## Creating a BERT Transformer model

### Load and Save a model

In [1]:
from transformers import BertConfig, TFBertModel

# Building the config - configuration object
config = BertConfig()

# Building the model from the config
model = TFBertModel(config)

  from .autonotebook import tqdm as notebook_tqdm
2024-05-26 15:52:55.128043: I tensorflow/core/platform/cpu_feature_guard.cc:210] This TensorFlow binary is optimized to use available CPU instructions in performance-critical operations.
To enable the following instructions: AVX2 FMA, in other operations, rebuild TensorFlow with the appropriate compiler flags.


In [2]:
# The configuration contains many attributes that are used to build the model:
print(config)

BertConfig {
  "attention_probs_dropout_prob": 0.1,
  "classifier_dropout": null,
  "hidden_act": "gelu",
  "hidden_dropout_prob": 0.1,
  "hidden_size": 768,
  "initializer_range": 0.02,
  "intermediate_size": 3072,
  "layer_norm_eps": 1e-12,
  "max_position_embeddings": 512,
  "model_type": "bert",
  "num_attention_heads": 12,
  "num_hidden_layers": 12,
  "pad_token_id": 0,
  "position_embedding_type": "absolute",
  "transformers_version": "4.41.1",
  "type_vocab_size": 2,
  "use_cache": true,
  "vocab_size": 30522
}



* the hidden_size attribute defines the size of the hidden_states vector  
* num_hidden_layers defines the number of layers the Transformer model has

The loading method used above initialises it with random values (random parameters, I assume).  
The model needs to be trained.

Let's use a pre-trained model:

In [1]:
from transformers import TFBertModel

model = TFBertModel.from_pretrained("bert-base-cased")

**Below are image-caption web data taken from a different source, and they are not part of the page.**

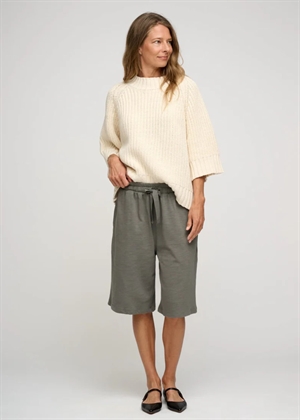 Change rib knit Ecru Melange Moshi Moshi 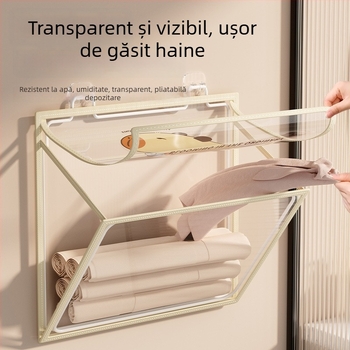 Raft de depozitare pentru baie, pe perete, pliere, montaj fără găuri, organizator PVC, model SND6039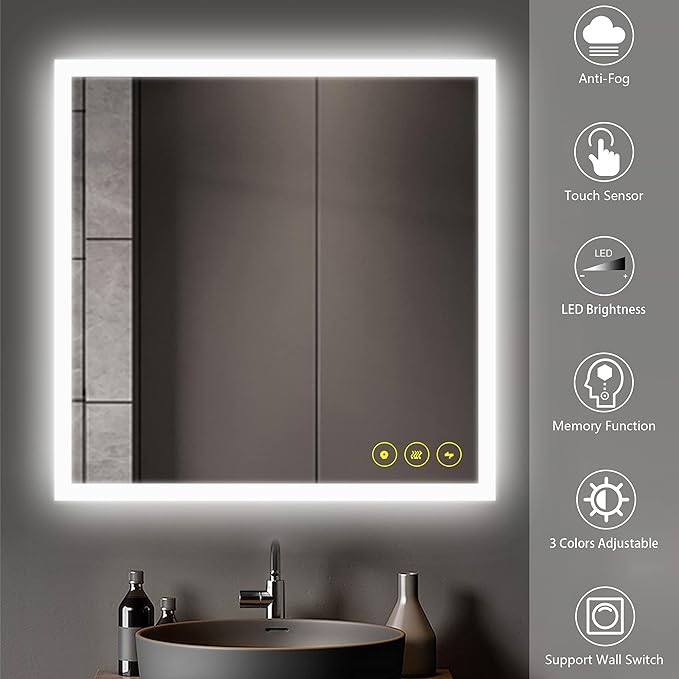 36x36 Inch LED Bathroom Mirror - 3 Colors, Dimmable, Anti-Fog, Wall Mounted Smart Vanity Mirror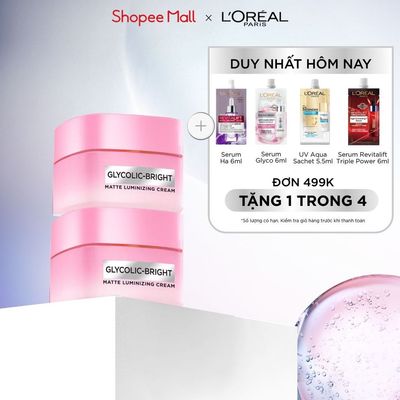Bộ đôi kem dưỡng sáng da đột phá Melasyl mờ thâm mụn, nám L'Oreal Paris Glycolic Bright 50mlx2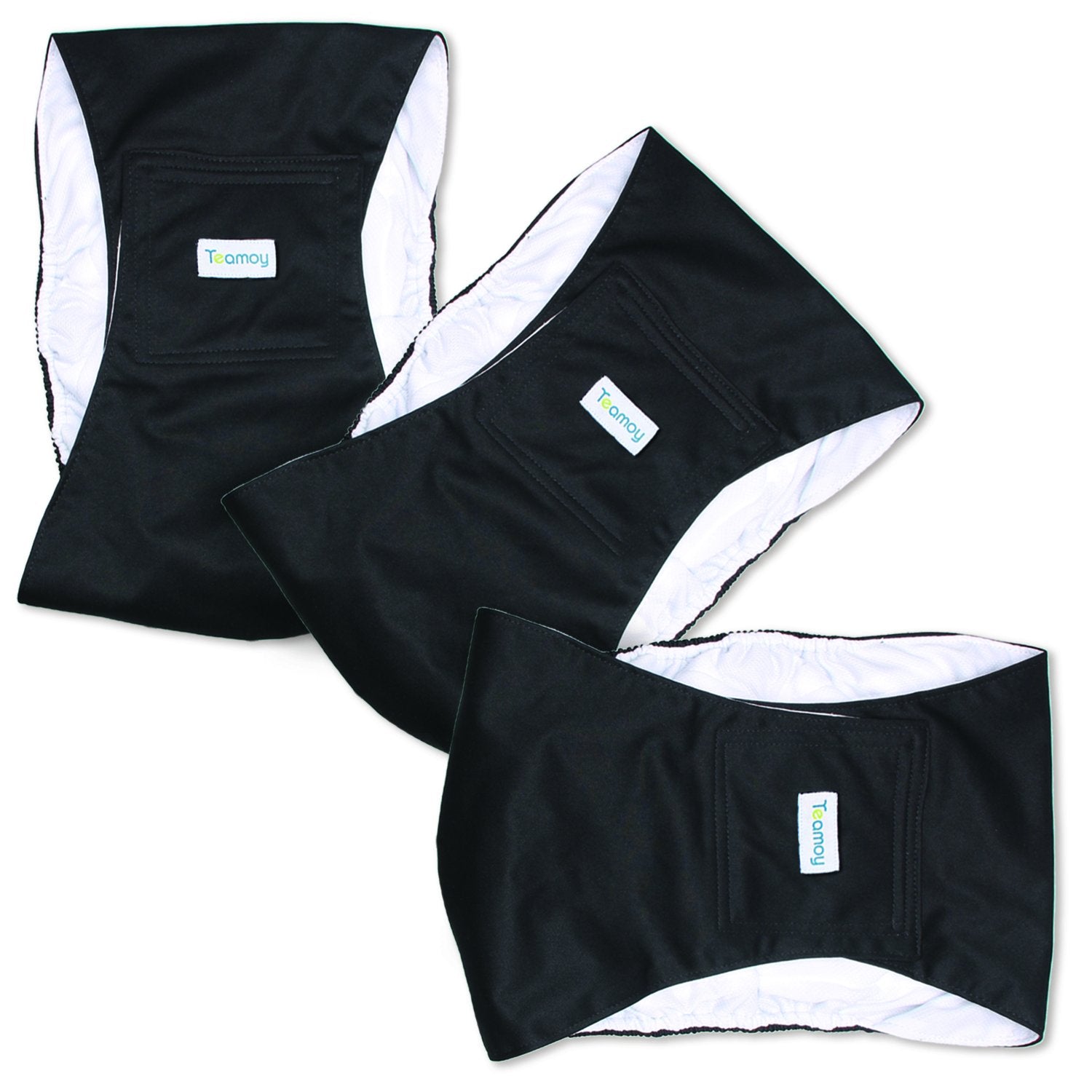 Teamoy 3 Pack Male Dog Diaper Wrap, Washable Puppy Belly Bands, Super-Absorbent and Comfortable(XL,25''-29''Waist, Black)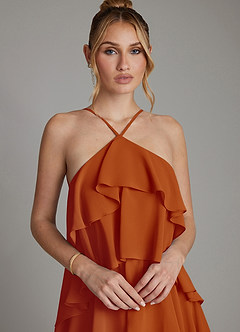 Azazie Deena Bridesmaid Dresses Paprika A-Line Ruched Chiffon Dress image3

  from .autonotebook import tqdm as notebook_tqdm
2024-05-27 18:12:29.456389: I tensorflow/core/platform/cpu_feature_guard.cc:210] This TensorFlow binary is optimized to use available CPU instructions in performance-critical operations.
To enable the following instructions: AVX2 FMA, in other operations, rebuild TensorFlow with the appropriate compiler flags.
Some weights of the PyTorch model were not used when initializing the TF 2.0 model TFBertModel: ['cls.predictions.transform.LayerNorm.weight', 'cls.seq_relationship.weight', 'cls.predictions.transform.dense.weight', 'cls.predictions.transform.LayerNorm.bias', 'cls.predictions.transform.dense.bias', 'cls.predictions.bias', 'cls.seq_relationship.bias']
- This IS expected if you are initializing TFBertModel from a PyTorch model trained on another task or with another architecture (e.g. initializing a TFBertForSequenceClassification model from a BertForPreTraining model).
- This IS NOT expected if you are initializing TFBertModel from

"This model is now initialized with all the weights of the checkpoint.  
It can be used directly for inference on the tasks it was trained on, and it can also be fine-tuned on a new task.  
By training with pretrained weights rather than from scratch, we can quickly achieve good results."

In [2]:
# save the model locally with: 
# model.save_pretrained("directory_on_my_computer") 

# this would generate: 
# config.json
# tf_model.h5

# The tf_model.h5 file is known as the state dictionary; it contains all your model’s weights. The two files go hand in hand; 
# the configuration is necessary to know your model’s architecture, 
# while the model weights are your model’s parameters.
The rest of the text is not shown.